Cyprus’ jurisdiction has a corporate tax rate of 12, 5%, which is categorized among the lowest rates in the European Union. Dividends paid to a Cyprus resident company are exempted from corporation tax, regardless from the source of origin i.e. whether they are received from a foreign company (subject to certain conditions) or another Cypriot legal entity. Furthermore no withholding tax is imposed on dividends deriving from the process of repatriation to a non-resident shareholder either natural person or legal entity.
The Cypriot jurisdiction is unquestionably advantageous for holding companies, which satisfy certain minimum requirements, as they can be established with 0% tax rate on dividends.
Further to the above a company incorporated in the Republic of Cyprus can benefits from double taxation treaties, with almost 60 countries, and can also proceed with liquidation of the Cypriot Holding Company itself with no capital gains or income tax. Last but not least re-organisations, mergers, de-mergers, exchange of shares and transfers of shares are made without any taxation.
Further to the above, the jurisdiction’s Local Requirements are limited to the existence of a Registered Office/Registered Agent which/who is to be located in the Republic of Cyprus. It is obligatory for the company to have a Secretary which can be a non-Cyprus resident, or a legal entity, established outside of the Republic of Cyprus. There is no legal obligation that the meetings of the company take place in the Republic of Cyprus, as the location of the Board Meetings, can be placed anywhere in the world as also the company’s administration. The minimum number of Directors and Shareholders is 1.

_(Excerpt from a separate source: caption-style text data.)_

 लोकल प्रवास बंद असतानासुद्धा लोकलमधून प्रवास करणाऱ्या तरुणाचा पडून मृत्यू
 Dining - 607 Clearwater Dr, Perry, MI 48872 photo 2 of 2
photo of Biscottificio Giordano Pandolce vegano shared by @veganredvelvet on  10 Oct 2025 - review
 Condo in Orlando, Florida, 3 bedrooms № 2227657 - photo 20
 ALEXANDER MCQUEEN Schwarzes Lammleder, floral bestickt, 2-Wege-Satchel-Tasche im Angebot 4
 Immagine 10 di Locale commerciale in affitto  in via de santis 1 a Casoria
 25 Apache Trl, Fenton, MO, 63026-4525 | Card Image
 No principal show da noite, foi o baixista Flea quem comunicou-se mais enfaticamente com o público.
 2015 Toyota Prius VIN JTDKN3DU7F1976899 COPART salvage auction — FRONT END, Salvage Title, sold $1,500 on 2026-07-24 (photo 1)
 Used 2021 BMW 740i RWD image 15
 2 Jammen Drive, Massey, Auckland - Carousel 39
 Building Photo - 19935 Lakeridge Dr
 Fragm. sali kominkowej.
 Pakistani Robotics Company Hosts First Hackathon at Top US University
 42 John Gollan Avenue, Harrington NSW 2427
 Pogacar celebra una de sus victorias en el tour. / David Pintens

Public filings are a pre-requisite for the Director(s) and Shareholder(s) of the company and not for the Ultimate Beneficial Owner(s). Furthermore, in connection to the Annual Filing Requirements, there exists both the obligation for the submission of the company’s Annual Return and Audited Accounts.
Whereas the issuance of bearer shares is non-acceptable, company re-domiciliation is permitted, as also, the acquiring of shelf companies and the appointment of Corporate Directors.